Real Estate Appraiser Specializing in Commercial Industrial Residential Income Land & Single Family Residential Properties Existing or Proposed Construction Estate & Gift Tax Conservation Easements Partial Values Fractional Interests Former Senior Appraiser United States Treasury Department IRS Large Business and International Division California General Certified Real Estate Appraiser FHA Approved

Michael F. Ford #AG002512


Ex-IRS Agent: “The IRS is not your friend!” 

Before you commit yourself to an appraisal or valuation agreement, remember the statement above.

The Internal Revenue Service is actively seeking recovery of deductions arising from almost all facade easements; many if not most conservation easements (valued over $750,000), and all real property deductions for estate and gift tax purposes with property value over one million dollars.

The belief that they only look at a small fraction of cases is erroneous.  All deductions fitting the above parameters are referred to specialists for further research.

If (as the Service likes to say) a deduction does not pass the ‘smell test’ based on the underlying property value or fractional interest deductions, then a risk analysis is performed to determine the potential recovery amount.

If the amount is over $250,000 a very thorough appraisal or valuation review will follow.  In cases where the taxpayer has had past problems or where tax avoidance is suspected, then the audit may be pursued regardless of amount.

The Small Business / Self Employed (SB/SE) Division handles all the estate work through their staff Estate Tax Attorneys.  Many of these have also been CPA-cross trained, and or Business Valuation Reviewer trained. A few also have real estate appraisal training.

All have access to the Large Business & International Division (LB&I) Valuation and Engineering Field Specialist Teams; including approximately sixty Certified Real Estate Appraisers.

Unlike YOUR appraiser, the IRS appraisers have anywhere from three to twelve months to review your submitted appraisals; “negotiate”  with you and to write their final reports AFTER they have seen your appraisers complete work file!

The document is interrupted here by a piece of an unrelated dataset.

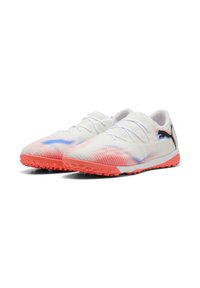 Zapatos de fútbol blancos con una parte superior texturizada, que presenta un diseño degradado en rosa y azul, suela de goma naranja y acento de logo negro.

Their opinions of value would rarely fall into a property’s middle value range. If they are going to face having the Appeals Division “give away” 50% of a claimed adjustment, then they are likely going to make that adjustment at the upper limit of a property’s value range.

You may or may not be able to negotiate penalties. You will NOT be able to have interest waived, even if the over or under valuation is not your fault!

During the audit process;

  • The IRS will challenge the validity of your property appraisal without providing their own written appraisal in advance.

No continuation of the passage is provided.